RECORDS SHOWN:
□ □ □ □ □ □ □

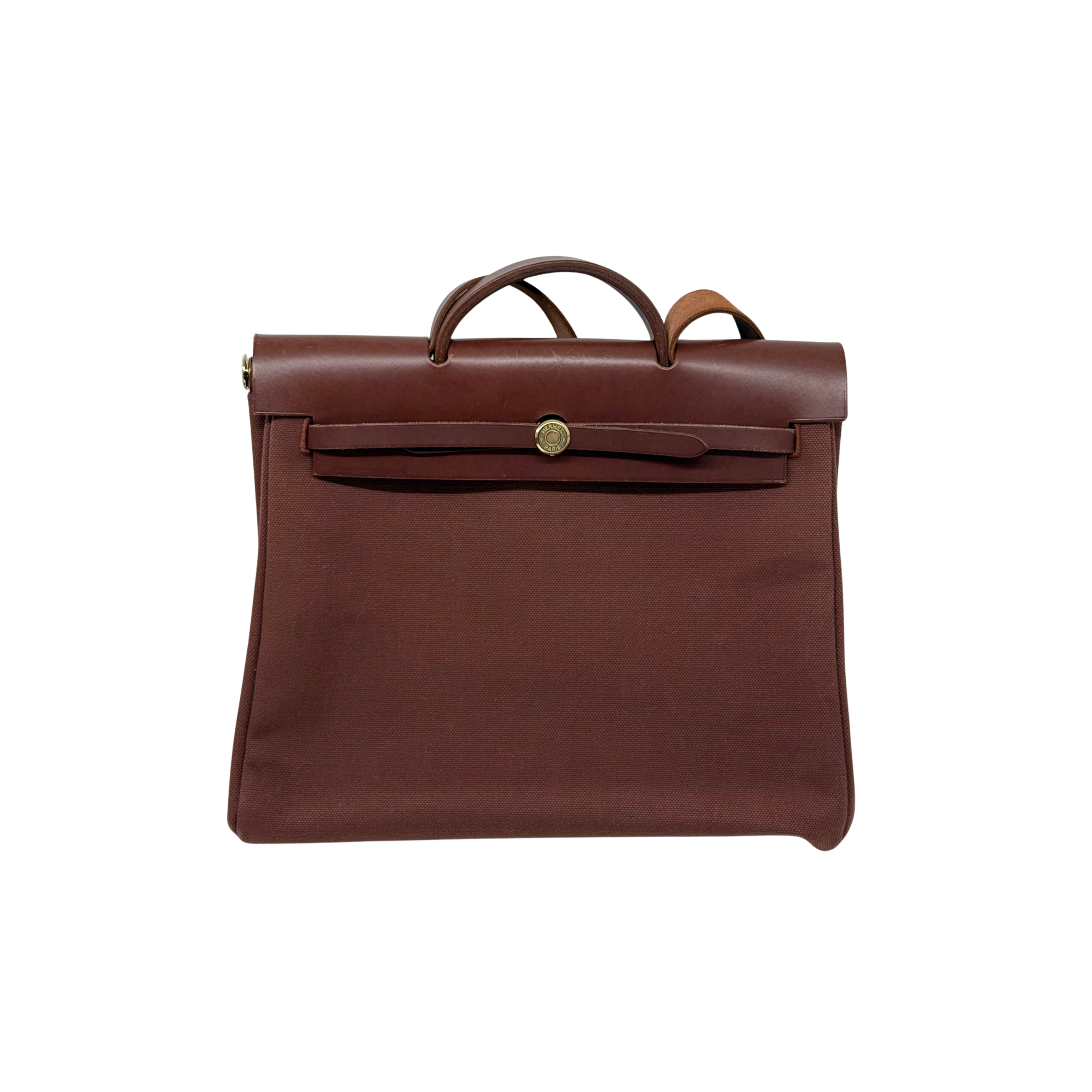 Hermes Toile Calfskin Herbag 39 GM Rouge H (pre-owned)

□ □ □ □ □ □ □

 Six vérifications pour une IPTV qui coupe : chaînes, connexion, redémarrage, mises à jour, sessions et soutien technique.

□ □ □ □ □ □ □

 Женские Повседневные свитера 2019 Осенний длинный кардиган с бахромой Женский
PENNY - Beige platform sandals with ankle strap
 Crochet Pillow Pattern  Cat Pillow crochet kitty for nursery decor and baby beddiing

□ □ □ □ □ □ □

WORK INSTRUCTION: Could you set down, exactly as written, the lines above between the one holding "Женские Повседневные свитера" and the one holding "Crochet Pillow Pattern", inclusive, and nothing more?

RESULT OF THE EXERCISE:
 Женские Повседневные свитера 2019 Осенний длинный кардиган с бахромой Женский
PENNY - Beige platform sandals with ankle strap
 Crochet Pillow Pattern  Cat Pillow crochet kitty for nursery decor and baby beddiing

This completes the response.